A phrase whose very utterance can get you kicked off Israel’s social media or result in your club being booted from a university has found a prominent place in a recent speech by Israeli Prime Minister Benjamin Netanyahu. “In the future, the State of Israel has to control the entire area from the river to the sea,” is the live English translation of a speech he made, as covered in a now-deleted tweet by Israel-based i24 News.
Here is the phrase in context:
“For 30 years, I am very consistent. And I’m saying something very simple. This conflict is not on the lack of a state of Palestine, but the existence of a state: the Jewish state. Every area that we evacuate, we receive terrible terror against us. It happened in south Lebanon, in Gaza, and also in Judea and Samaria. And therefore, I clarify that in other arrangements … that any other arrangements … in the future, the State of Israel has to control the entire area from the river to the sea. This is what happens when you have sovereignty. This truth I say to our American friends, and I also stopped the attempt to impose on us a reality that will jeopardize us. A prime minister in Israel has to be able to say no, even to the best of friends, to say ‘no’ when you need to, and to say ‘yes’ when you can.”

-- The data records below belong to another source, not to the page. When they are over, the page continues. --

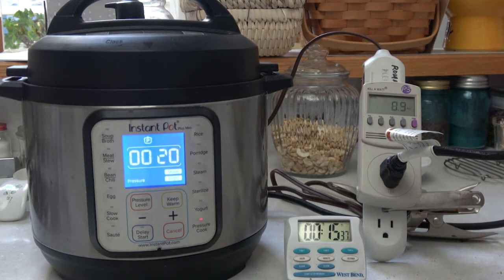It took 15 minutes and 35 seconds to reach the pressure needed. Now the Instant Pot is doing the steaming cooking, and you can see the wattage dropped to half a watt — so it's no longer heating up, just maintaining. This will go on for 20 minutes and then the garbanzos should be ready.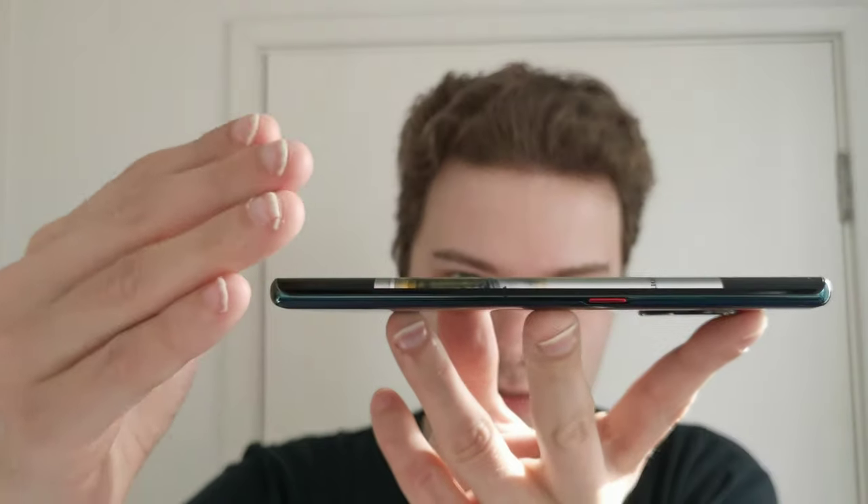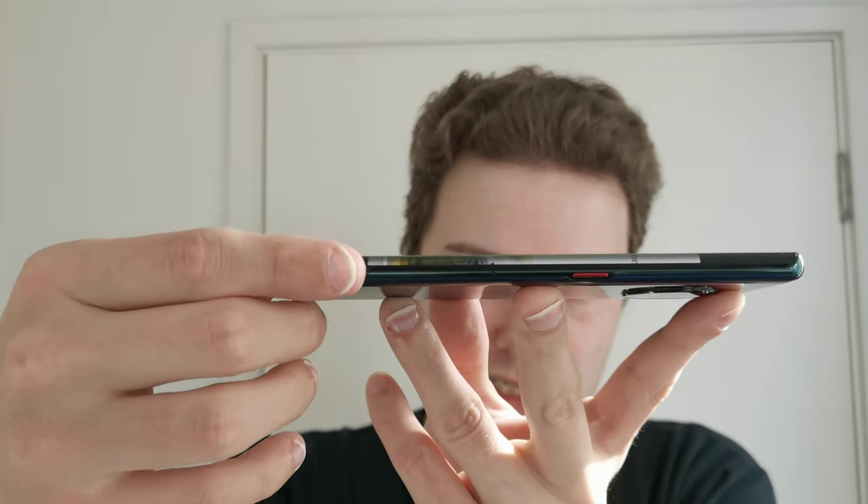First, let's talk about the display. One of the controversial changes with the Mate 30 Pro was the waterfall-style display — it's very round, and if I turn it on and open an application with a white color, you can see the display is like a waterfall: it drops down, and things are visible leaking at almost a 90-degree angle.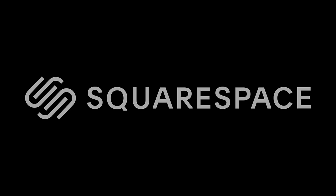This video is sponsored by Squarespace. From websites and online stores to marketing tools and analytics, build your online presence with Squarespace.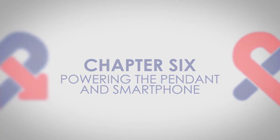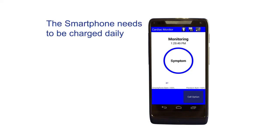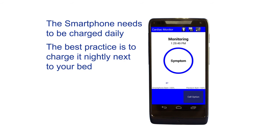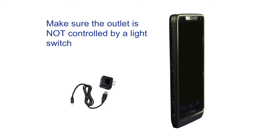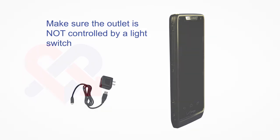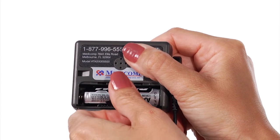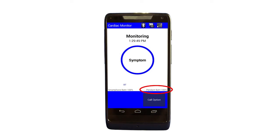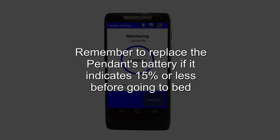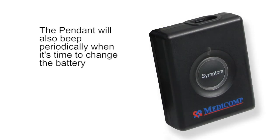Powering the pendant and smartphone. The smartphone needs to be charged at least daily — best practice is to charge it nightly next to your bed. Plug the charger into the smartphone and into a wall outlet, making sure the outlet is not controlled by a light switch. The pendant uses one AA alkaline battery that needs to be replaced periodically. The smartphone will alert you when the pendant's battery needs to be changed. Remember to replace the pendant's battery if it indicates 15% or less before going to bed. The pendant will also beep periodically when it's time to change the battery.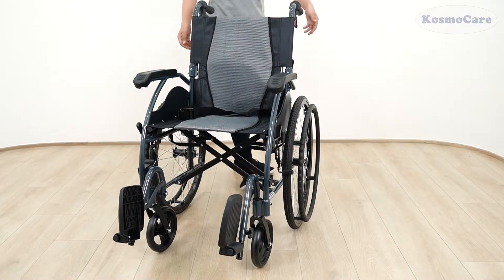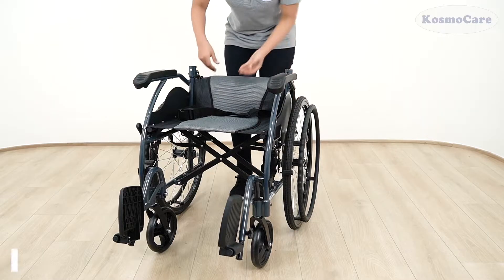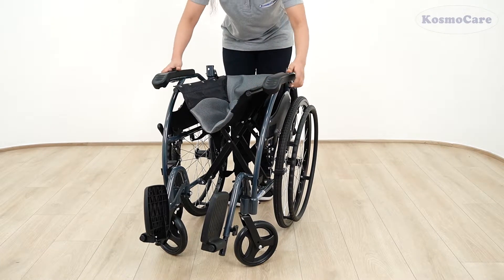Folding the chair for transportation or storage is a breeze. Simply pull both the drop back levers simultaneously to fold down the back support, then pull the seat up to collapse the frame, and flip up the footrest to fold the wheelchair.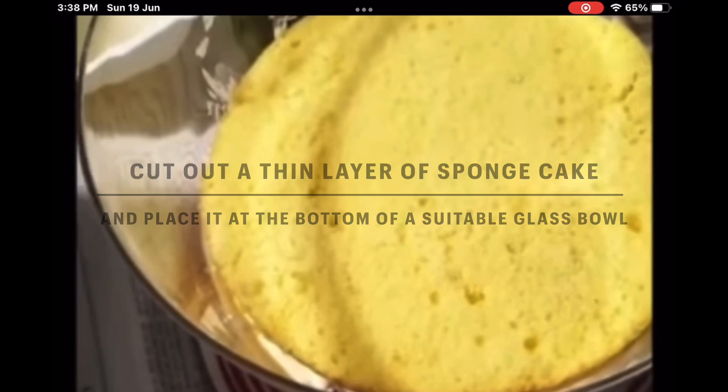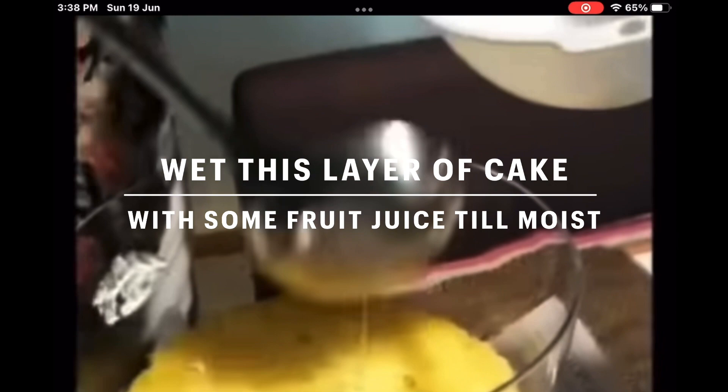First of all, you cut out a thin layer of sponge cake and place it at the bottom of your trifle bowl. Then you strain out the juice from your tinned fruit and wet this layer of cake until it's moist. Or if you're going to use a tipsy trifle, then you add alcohol.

Palestinian references to freedom “from the river to the sea” have been denounced as intending genocide, by interpreting it to be calling for a single Palestinian state which, it is claimed, would then expel the Jews from the area.
When U.S. Congresswoman Rashida Tlaib used the phrase, she was censured by the House of Representatives. The six words serve as a “rallying cry for the destruction of the State of Israel and genocide of the Jewish people,” insisted Democratic members supporting the censure motion.
How will Netanyahu’s remarks (which are of the sort stated all the time by illegal Jewish settlers on the West Bank) be treated?